The Draft Policy Declines to Address Technology’s Challenges to Providing “the Requisite Mental State” 

The second, and interrelated, major area of concern regarding the Draft Policy is its general avoidance of discussing how cyber tools, particularly AI, may confound conventional interpretations of the mens rea element to criminal responsibility.  Where the Draft Policy does engage with definitional challenges posed by cyber-enabled conduct—and still, not AI-enabled conduct specifically—it focuses almost exclusively on challenges to the actus reus requirement. As to mens rea, the Draft Policy only makes passing mention that a given cyber-enabled crime may incur criminal responsibility ‘if the mens rea requirements are met,’ following a detailed discussion of whether the actus reus of the crime in question can be satisfied when commissioned through cyber means (see, e.g., paras. 46, 50, 66, 85). The result is an incomplete discussion of ICL’s applicability to cyber-enabled crimes.

The literature has considered at length the ways in which advancements in state cyber capabilities, specifically those involving AI, can give rise to a ‘legal vacuum in which the AI can be responsible for enough of an act, or make enough of the decision to act, to render the human decision-maker not liable for the harm caused.’ The result is what the discourse (predominantly in IHL) describes as a ‘responsibility gap’ between the conduct in question and the existing legal framework’s ability to address them. The Draft Policy at present does not suggest how the ICC intends to close that gap.
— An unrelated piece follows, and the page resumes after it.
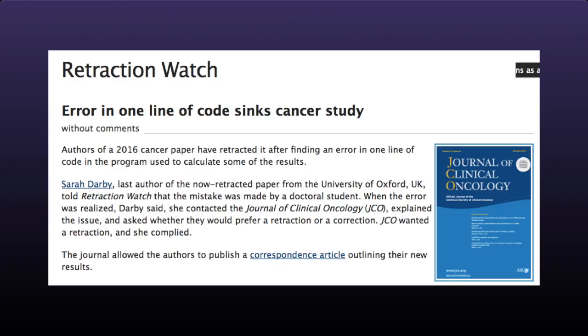These practices are part of what we call reproducible research and include version control, code reviews, code testing, study replication, and others.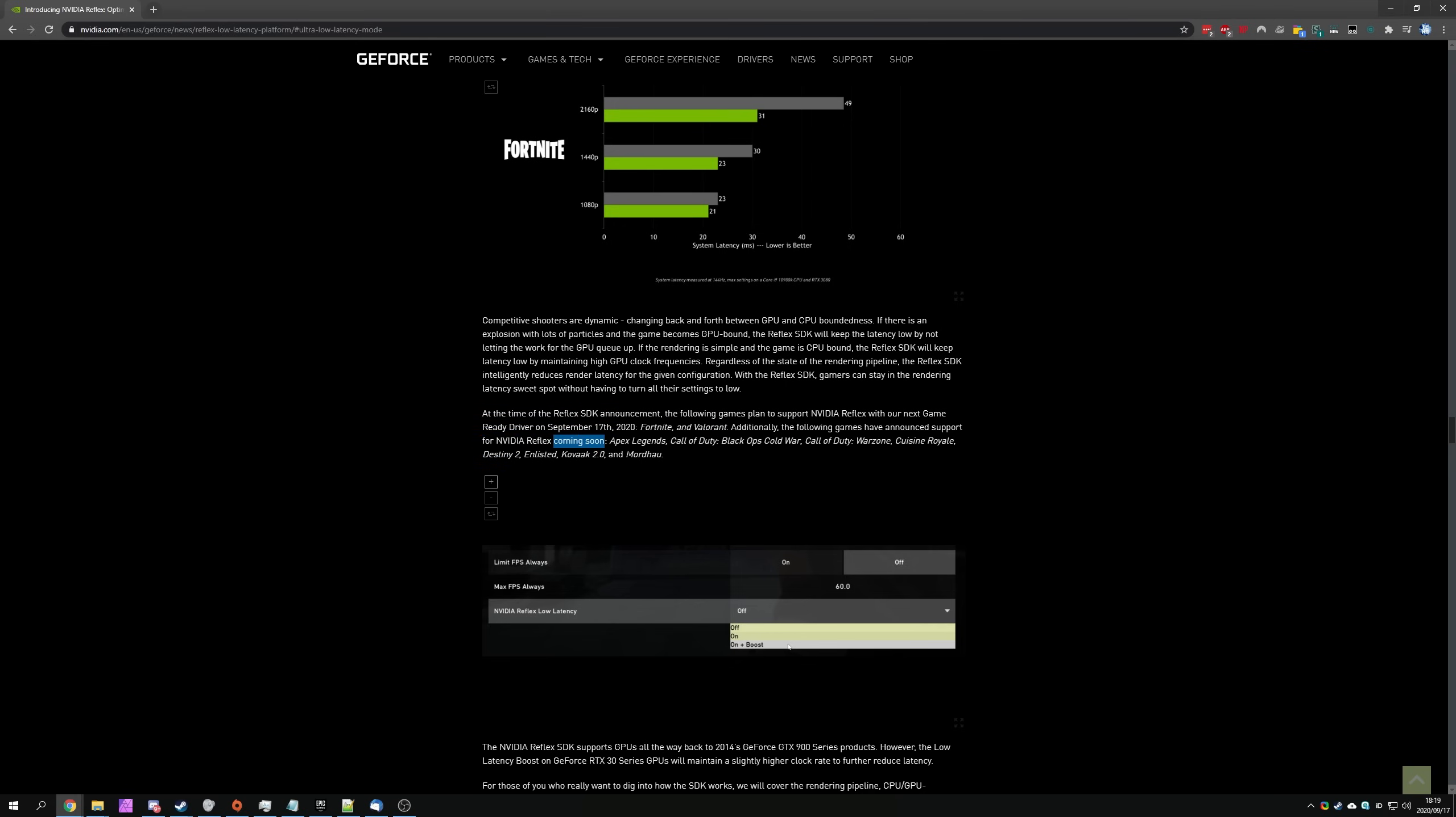So these ones don't currently have it, Apex Legends, Call of Duty Black Ops Cold War, Call of Duty Warzone, Cuisine Royale, Destiny 2, Enlisted, Kovark 2.0 and Mordhau. Now of course, these are the only games that have officially been announced to support or to add support for the new NVIDIA Reflex SDK.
That said, the literature has made a number of recommendations. Marta Bo, for instance, suggests construing the mens rea requirement for war crimes as dolus eventualis or recklessness, arguing: ‘This interpretation would allow for the ascription of criminal responsibility for indiscriminate attacks where the human operator using or deploying autonomous systems envisages the risk of directing attacks against persons or objects immune from attack and decides nonetheless to proceed with the attack.’  Anna Rosalie Greipl, meanwhile, proposes that the domestic criminal law doctrine of transferred intent could provide a solution to the responsibility gap that results where AI-enabled crimes harm an unintended target.  I have recently argued that ICL should contemplate incorporating a strict liability regime where AI-enabled crimes of aggression are concerned, rather than allowing wrongful actors to evade liability due to the black-box nature of AI decision-making.

It would be beneficial for the current Draft Policy to provide further guidance on how the Court will engage with the increasing sophistication of cyber-enabled crimes, and how it will continue to pursue aims of justice and accountability for state misconduct that may, under current circumstances, be able to evade responsibility on a technicality.